▸ What is needed
This calls for a word-for-word copy of all the data, with each picture removed.

▸ Data provided
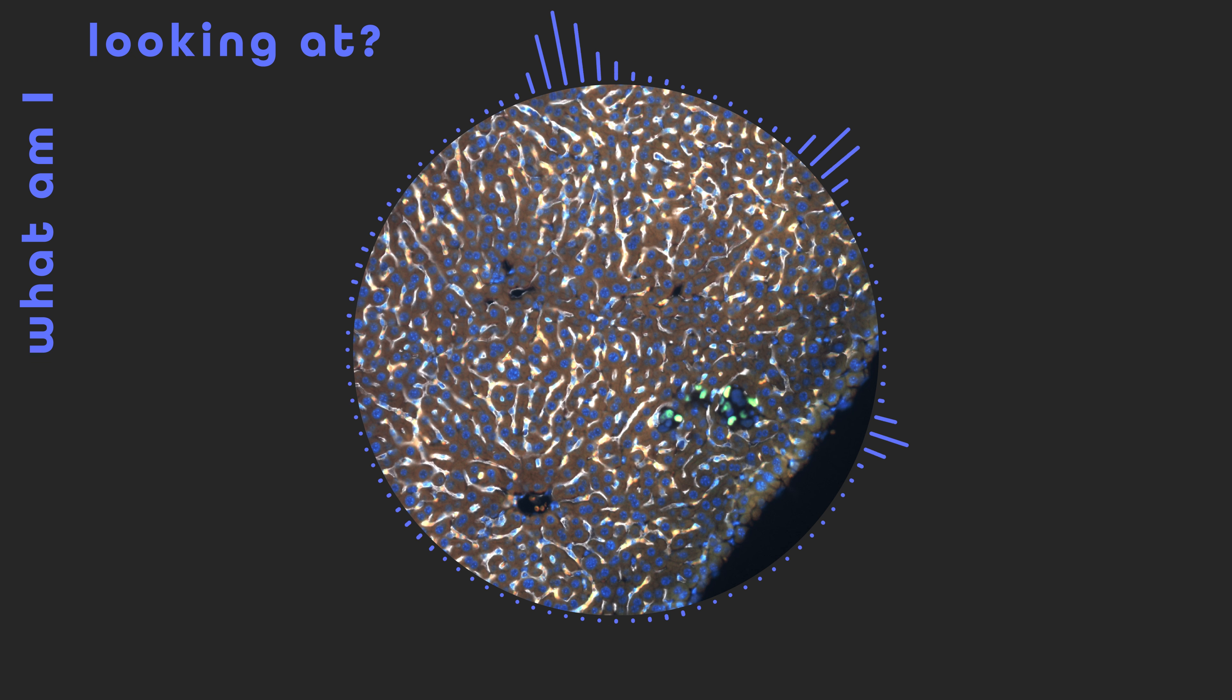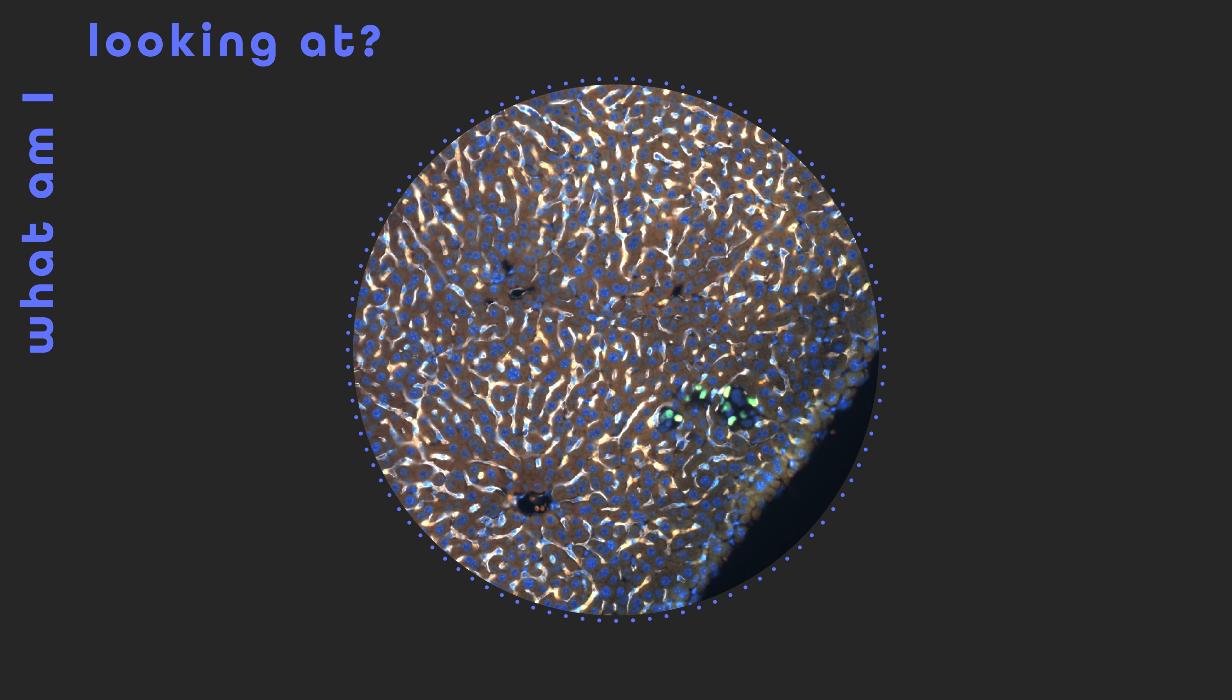Understanding what stirs these cells, and how we can effectively target them, could prevent many cancers from seeing the light of day.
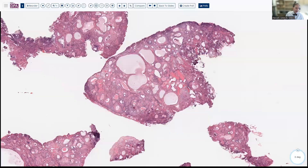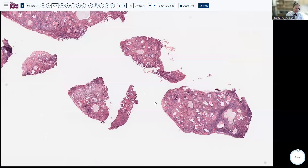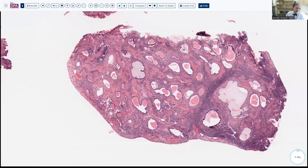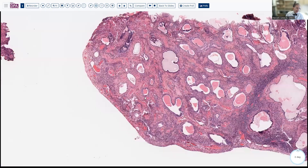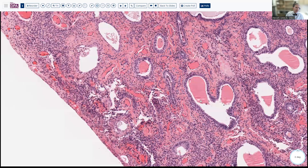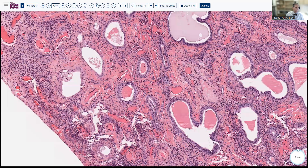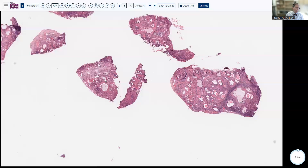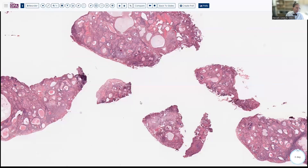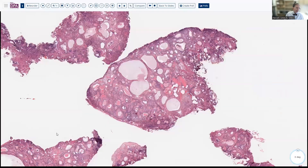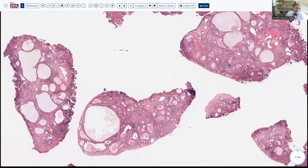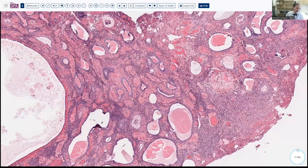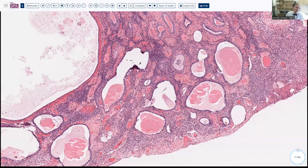Things to rule out include any evidence of epithelial proliferation, particularly any evidence of high-grade nuclear features that can be a marker for serous tumors. Also muscular changes to the stroma, squamous morular formation, and other findings that indicate features not expected in a usual endometrial polyp.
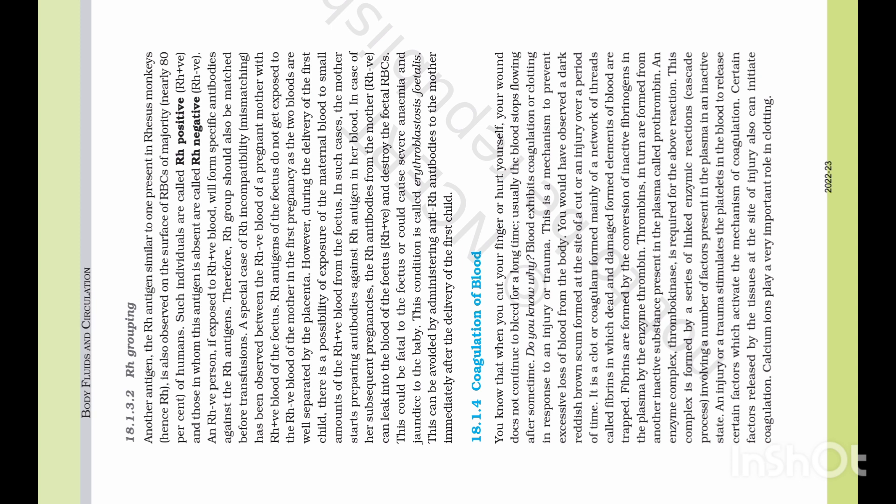The first baby may have a problem. In subsequent pregnancies, the Rh antibodies are already ready. So in the second and third pregnancies, the maternal antibodies can leak into the fetal blood, and the fetal RBCs are destroyed.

▸ Solution to this problem
Understanding what stirs these cells, and how we can effectively target them, could prevent many cancers from seeing the light of day.
Things to rule out include any evidence of epithelial proliferation, particularly any evidence of high-grade nuclear features that can be a marker for serous tumors. Also muscular changes to the stroma, squamous morular formation, and other findings that indicate features not expected in a usual endometrial polyp.
The first baby may have a problem. In subsequent pregnancies, the Rh antibodies are already ready. So in the second and third pregnancies, the maternal antibodies can leak into the fetal blood, and the fetal RBCs are destroyed.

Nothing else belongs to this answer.